As the weeks passed, however, it became clear that a strategic decision that Kobani should not fall had been taken. Evidently, the intention was to crush Islamic State gunmen between the hammer of US air power and the anvil of ongoing stubborn Kurdish resistance; in so doing, a symbol of resistance would be created.
This appears to have paid off. The reinforcement of the very determined but lightly armed YPG fighters with the artillery and mortar capability of the Iraqi Kurdish Peshmerga fighters who entered Kobani in late October certainly played a role in stiffening the resistance on the ground. Yet the raw courage of the YPG deserves top billing in this regard.
As a result of the Kurdish stand on the ground, the US was able to take a great cull of Islamic State fighters. The jihadists’ assault tactics are simple (though often effective), and involve human wave attacks. The US was able to observe the jihadists massing for such attacks on Kobani, and to target them from the air; Islamic State found no effective response to this.
With regard to the movement’s armored capacity, the situation was the same; the tanks were visible from the air and Islamic State continues to have no effective defense for them. Hence, the very heavy losses suffered by the jihadists in trying to take Kobani.
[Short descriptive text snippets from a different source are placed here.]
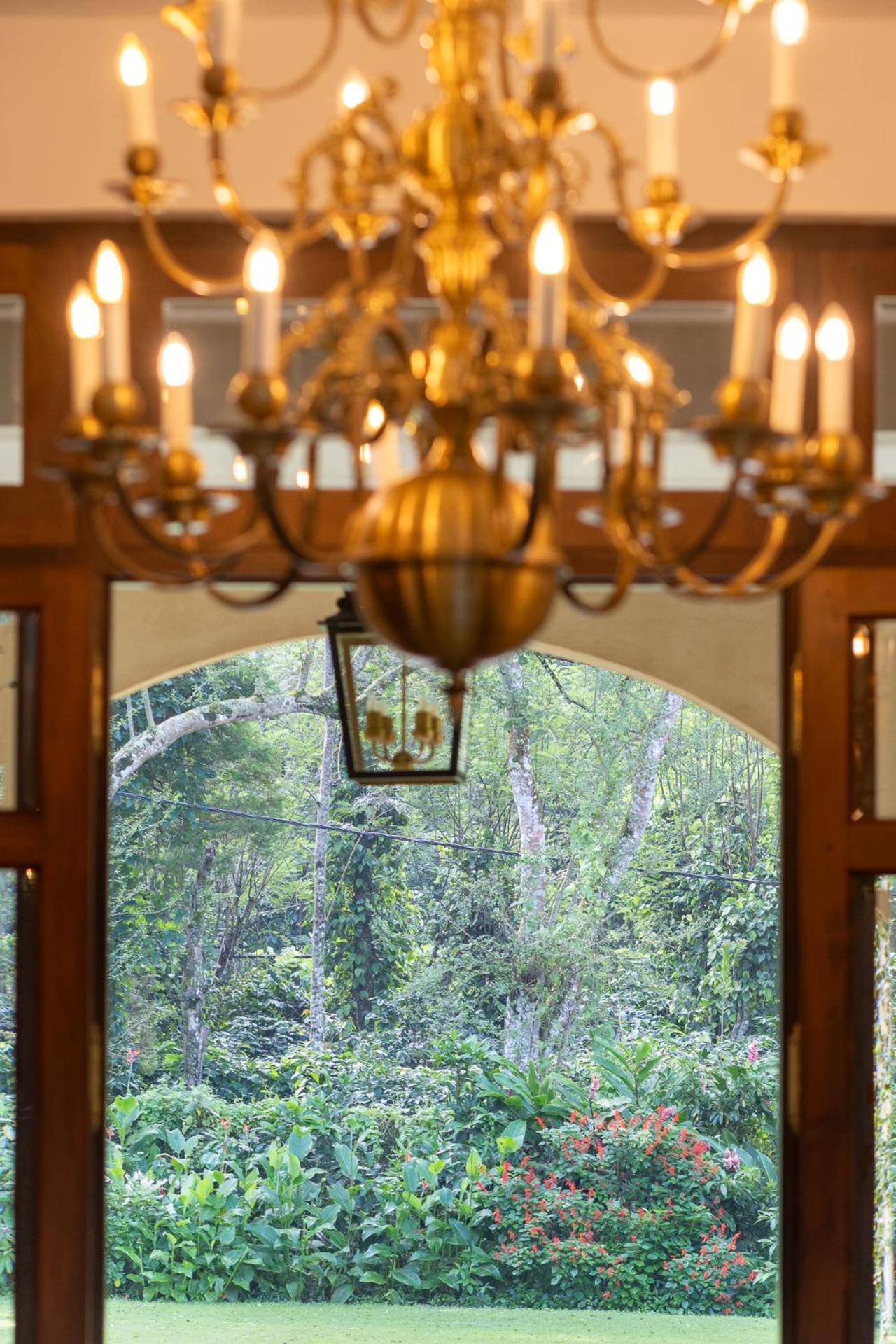 Dendrobium House Hotel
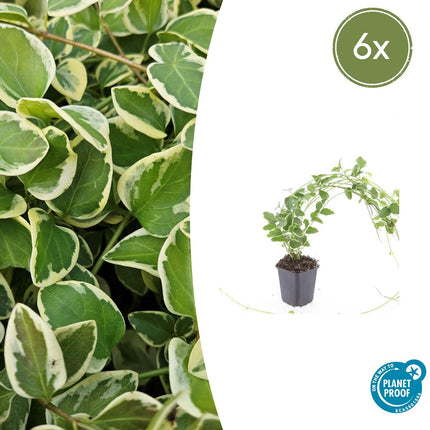 Vinca major 'Variegata' - Grande pervenche - ↕10-25cm - Ø9cm - 6x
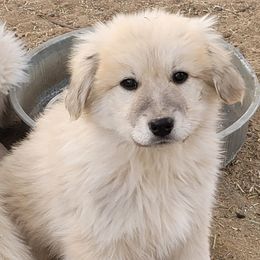 Gilbert - Colorado Mountain Dog puppy from Big Sky Acres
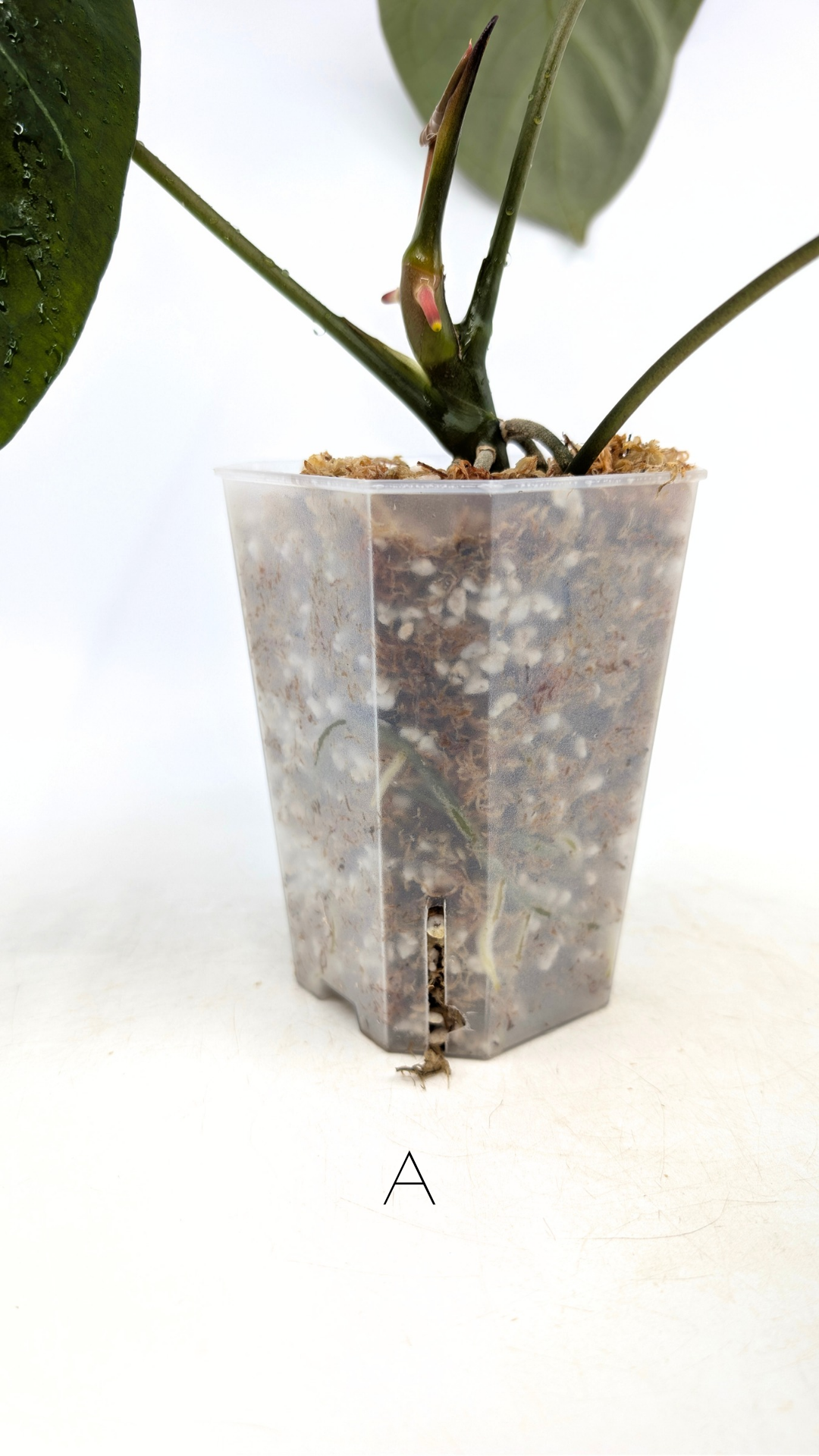 Uncommon indoor plant Anthurium Bosworth Beauty x Crystallinum available for sale at rare plant shop The Leaf Gallery in Perth, Western Australia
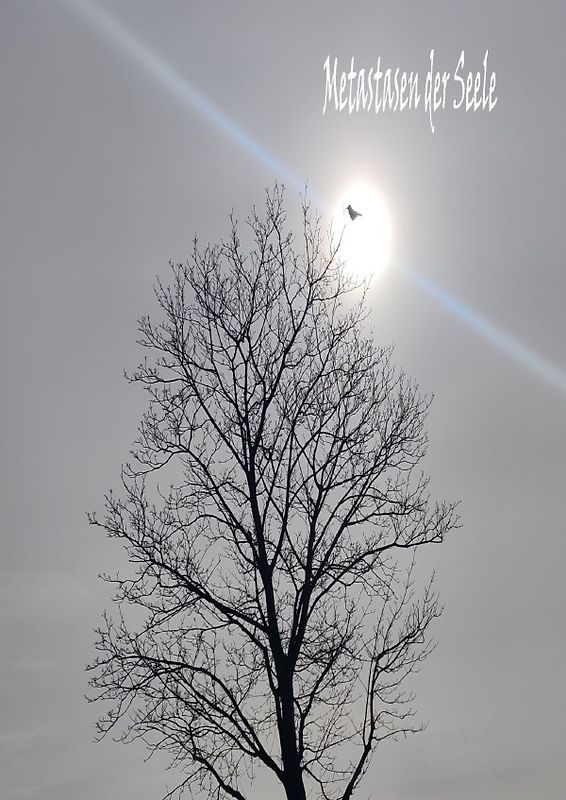 Metastasen der Seele / 2023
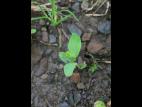 Renouée coriace (Polygonum achoreum)_16
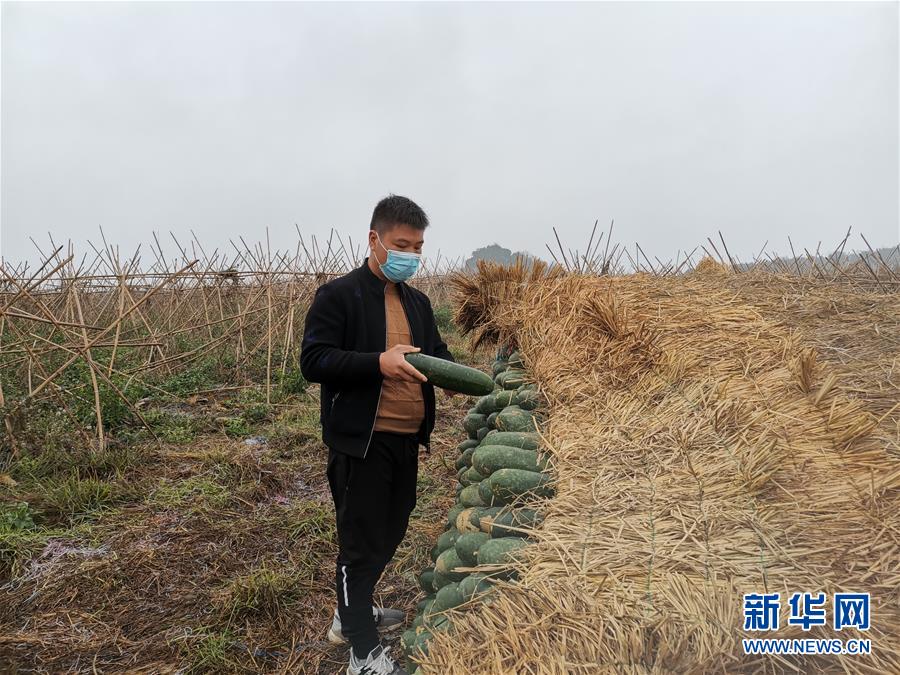 (聚焦疫情防控·圖文互動(dòng))(1)“得知要送武漢 凌晨出來摘菜”——中國“南菜園”廣西全力抗疫保供應(yīng)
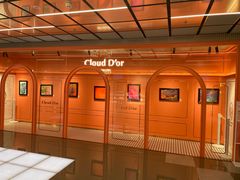 -CloudD'or可露朵蛋糕(1733商业空间店)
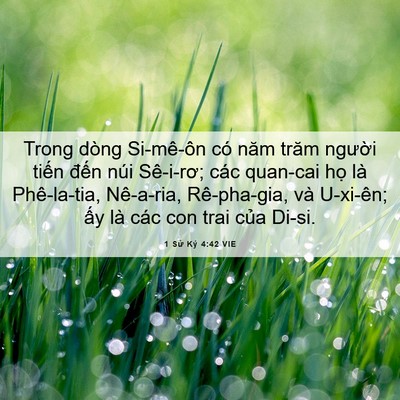 Picture 06 - 1 Sử Ký 4:42 VIE - Trong dòng Si-mê-ôn có năm trăm người - Bible Verse Picture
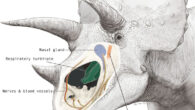 Triceratops’ nasal cavity. Image credit: K. Sakane.
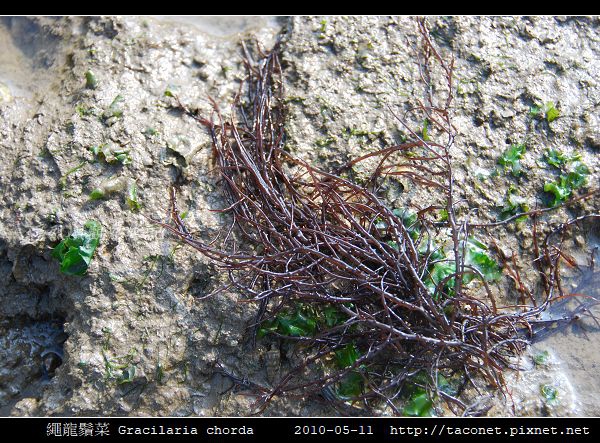 繩龍鬚菜 Gracilaria chorda_1.jpg
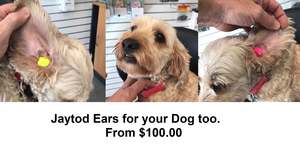 Jaytod Ears: Earplugs custom made  for your dog from $150. In stock Appointment required for fitting
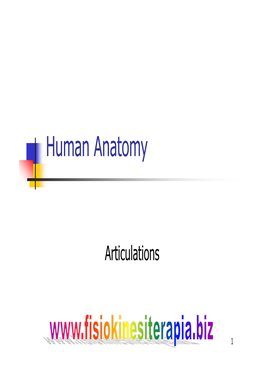 Human Anatomy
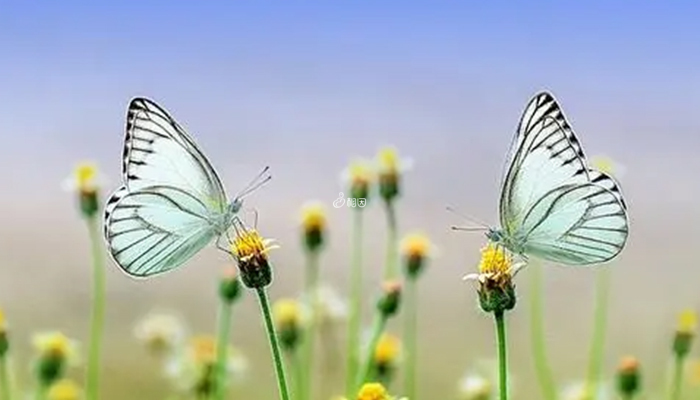 蝴蝶意味着转变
Yet the victory is only partial. It is important to remember that Kurdish-controlled Kobani, prior to the Islamic State assault in September, did not consist of Kobani city alone. Rather, “Kobani” constituted an area stretching from Kobani city to Tel Abyad in the east and Jarabulus in the west, plus several tens of kilometers in a southern direction toward the Euphrates. It was this enclave which Islamic State sought to destroy last autumn, because the enclave jutted into northern Syria and prevented the Islamists from rapidly moving forces from east to west. It stood in the way of any future ambition to expand Islamic State territory westward into Aleppo and Idlib provinces – so Kobani had to be destroyed.
As of now, the Kurds and their allies have succeeded in saving the city of Kobani, very close to the border with Turkey. This area became a symbol, and Islamic State wasted over 1,000 of its fighters trying unsuccessfully to capture it. But the larger task of reconquering the 300 villages and the ground that once was a part of the Kobani enclave remains before the Kurds. One may assume that this effort will be under way in the weeks ahead. Regarding the larger lessons of the Kobani victory, it would be mistaken to jump to the conclusion that it illustrates that in providing support to anti-Islamic State forces on the ground, the West has discovered a winning formula which can now be replicated elsewhere. This would be a rash deduction because of the specific nature of the Kurdish fighting organizations – YPG and Peshmerga.
In Syria, as in Iraq, the Kurds have developed organizations which are pro-Western in orientation, committed to the mission and efficient. The problem with the Syrian rebels, as with the Iraqi militias and forces, is that they cannot manage all three of these. If they are committed and effective fighters (like Jabhat al-Nusra in Syria or the Shi’ite militias in Iraq), they will be anti-Western. If they are pro-Western, at least nominally – like the Iraqi-armed forces or the Syrian Revolutionaries Front in northern Syria – they will tend to be corrupt or ineffective.
The reasons for this are manifold and open to debate, but it is a clearly observably empirical reality.
This means that while the West should double down on its support for the reliable, secular and anti-Islamist Kurdish forces, now controlling a long belt of territory stretching from the Iraq-Iran border to deep into Syria, Western policy-makers should be wary indeed of applying any general conclusions from the achievement in Kobani to forces other than the Kurds themselves.